Stop mining in elephant reserve
Given the central government’s commitment to protect the elephant, it is most surprising that the environment ministry, headed by Jayanthi Natarajan, has allowed Jindal Steel, a private firm, to mine in the core area of Singhbhum, India’s first elephant reserve, in Saranda, Jharkhand. The ministry has approved the Forest Advisory Committee’s (FAC) January 2013 decision for this iron ore mining lease project in Saranda which decision is also controversial, as the same FAC had rejected the Jindal mining project in 2011 by noting that the forest at Saranda was part of the Singhbhum elephant reserve, which is one of the finest habitats for elephants. No clear reasons have been stated for either the environment ministry’s decision or the FAC’s change of stand but the latter has noted that taking a view purely in the interest of conservation, or on the other hand in the interest of economic activity, will amount to taking an extreme side. This is a strange view for a FAC to take when discussing an endangered animal’s habitat and for whose protection it is expected to weigh in.
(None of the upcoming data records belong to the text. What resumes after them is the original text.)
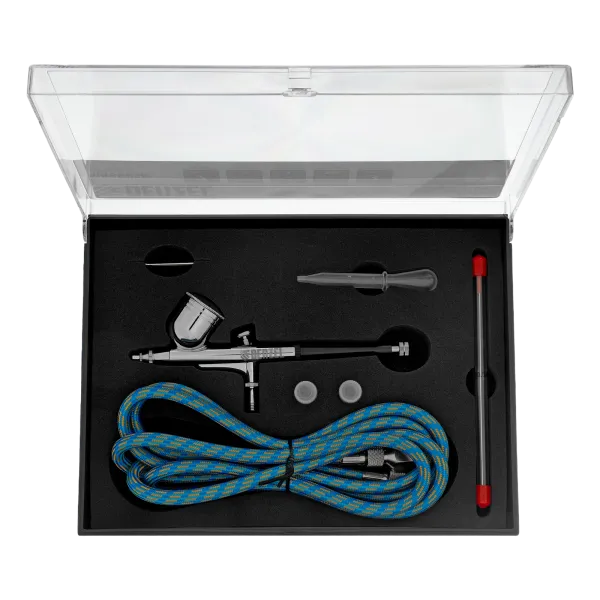 Аэрограф с верхним бачком DENZEL AB1, 0.2/0.3/0.5 мм, 7 мл, 9 л/мин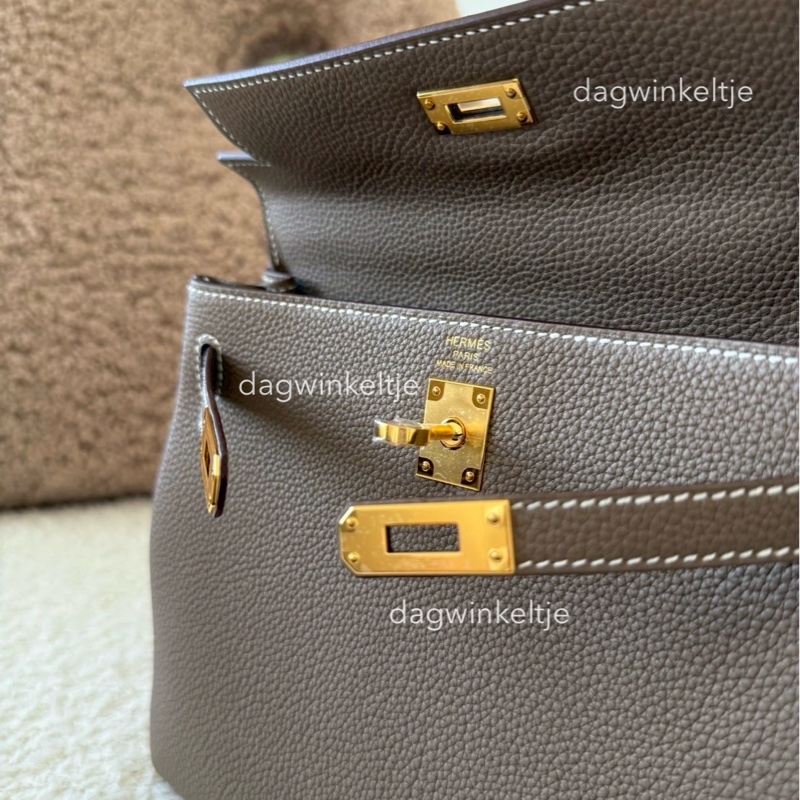 { 現貨 ｝全新💛愛馬仕凱莉 Kelly25 大象灰/金釦/ K-2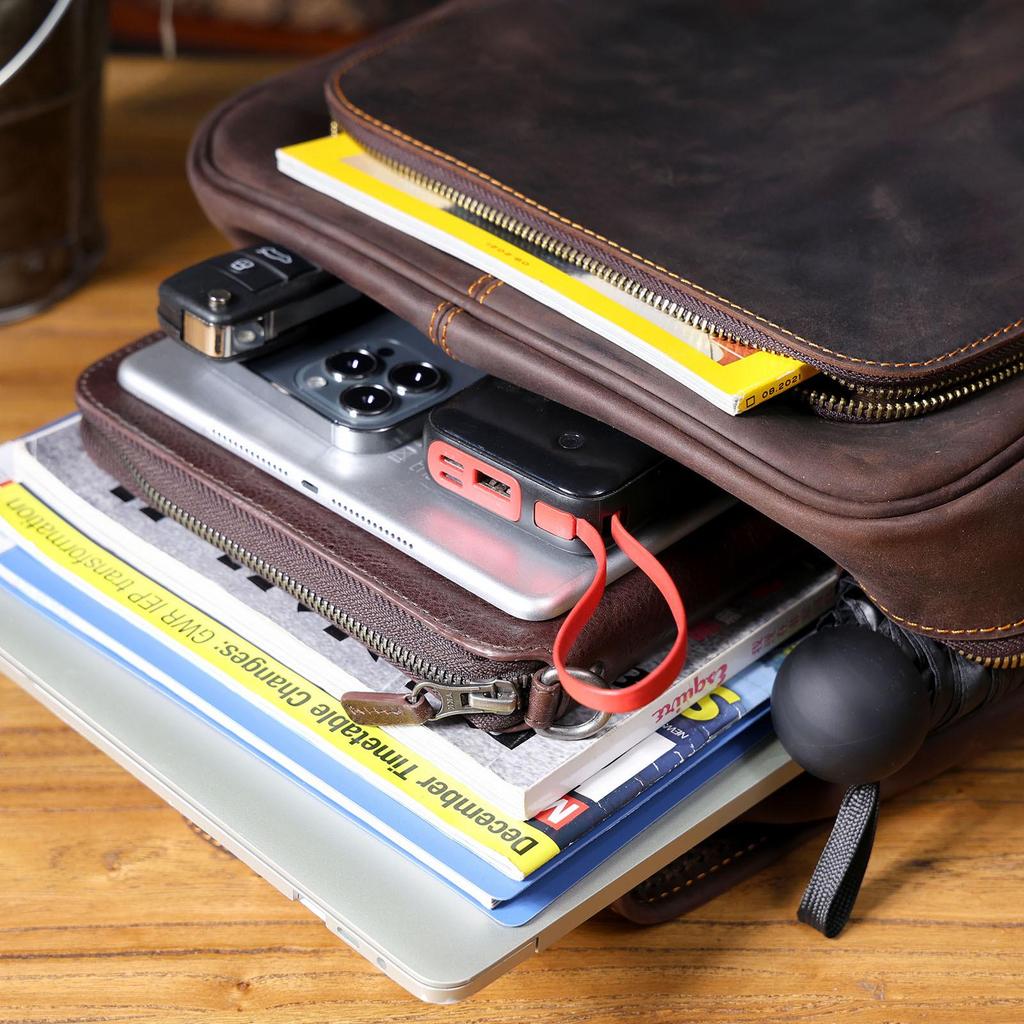 Sivok Retro Men's Genuine Leather Cowhide Laptop Backpack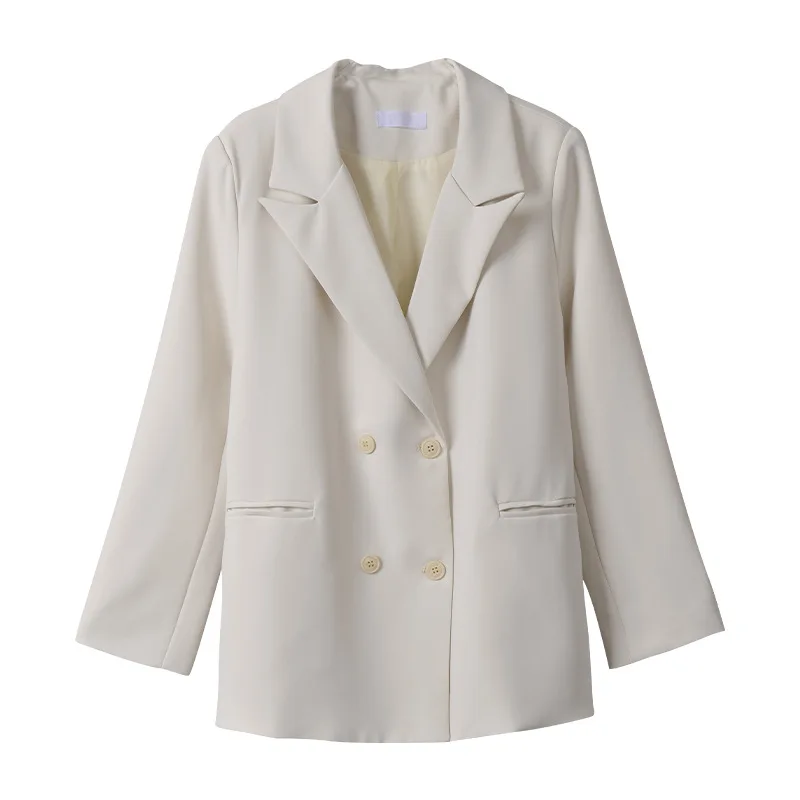 

TVVOVVIN Korean Style 2021 Spring New Loose Casual Women Tops Long Sleeve Double Breasted Straight Solid Color Coat XCOI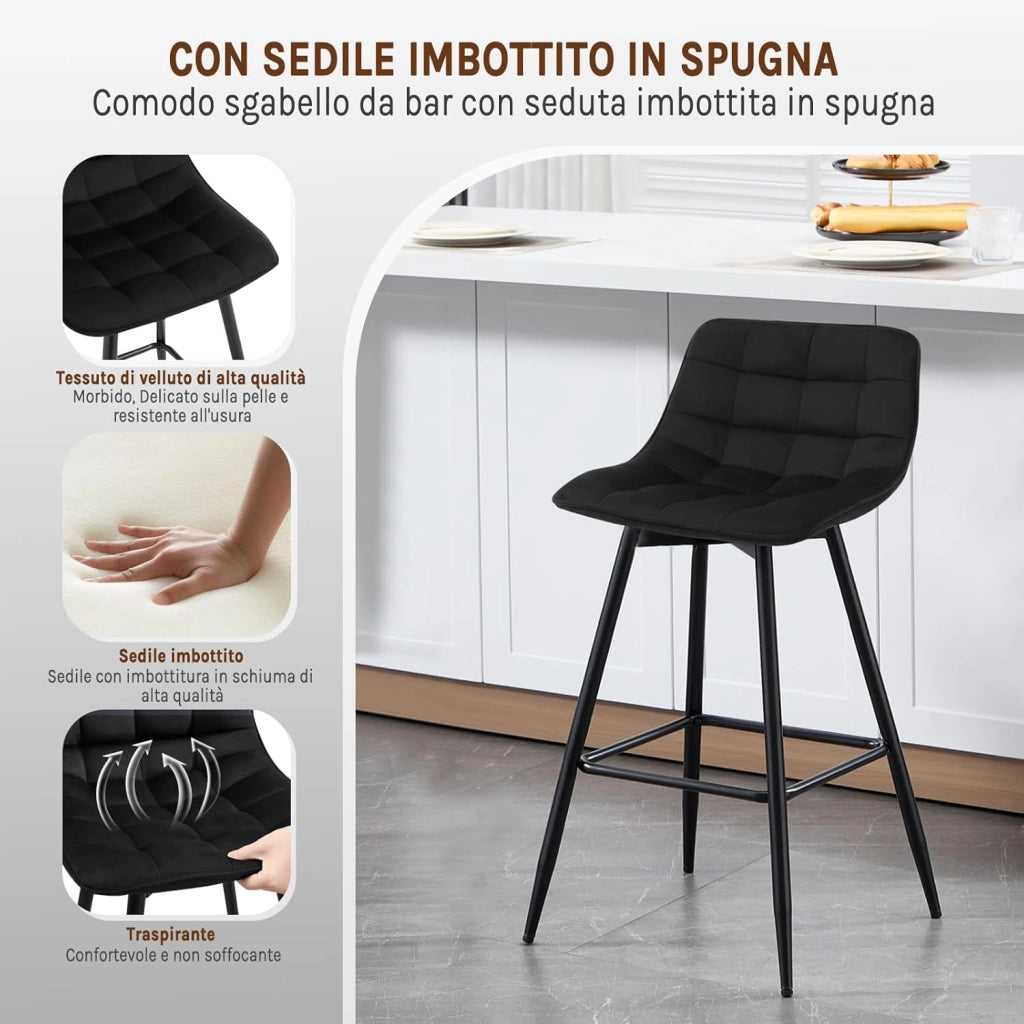 4X Sgabelli da Bar Moderni Sedia da Cucina Pranzo con Poggiapiedi Rivestimento in Velluto Nero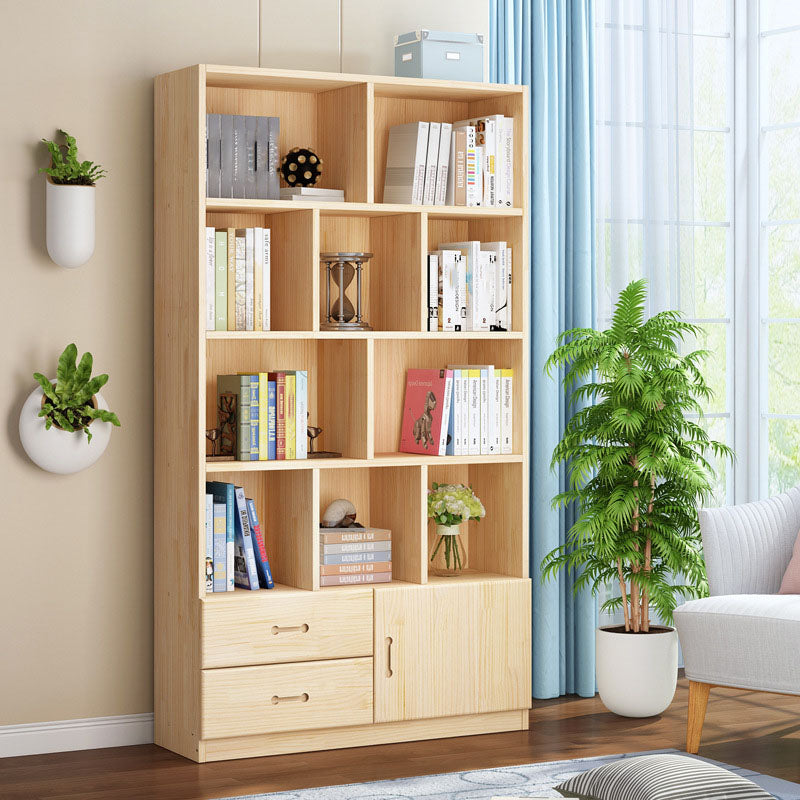 Scandinavian Vertical Standard Bookshelf Natural Pine Wood Bookshelf for Home Clearhalo 'Bookcases' 'furn' 'furn_bookcases' 'Furniture' 'furniture_bookcases' 'kitchen' 'kitchen_bookcases' 'Living Room Furniture' 'Office Furniture' 4803652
Curiously, the environment ministry clearance comes despite the public opposition of union rural development Minister Jairam Ramesh, in a classic example of ministers and ministries in this government working at cross-purposes, with no resultant clarity in policy. Ramesh had earlier this year said that the FAC recommendation would negate all that has been done in the region in the last one year. He had said that he had been at great pains to counter the Maoist propaganda that the Saranda Development Plan was a ploy to benefit private mining interests and he expected the environment ministry to take a larger and more sensitive political view. This the environment ministry has not done and these same private mining interests have trumped all others interests. This decision has clearly been a victory of a corporate lobby that had kept pressurising the government to free the area for mining. The main purpose of setting up these animal sanctuaries is to protect and preserve the elephant population. This sudden change of stance by the government will destroy virgin forest, increase the instances of man-elephant conflict and disturb the area’s ecological balance. Mining has pushed the elephant population to the edge in the other parts of India where it has been allowed in their habitats. The environment ministry decision shows how vulnerable policies in this government are to corporate lobbies.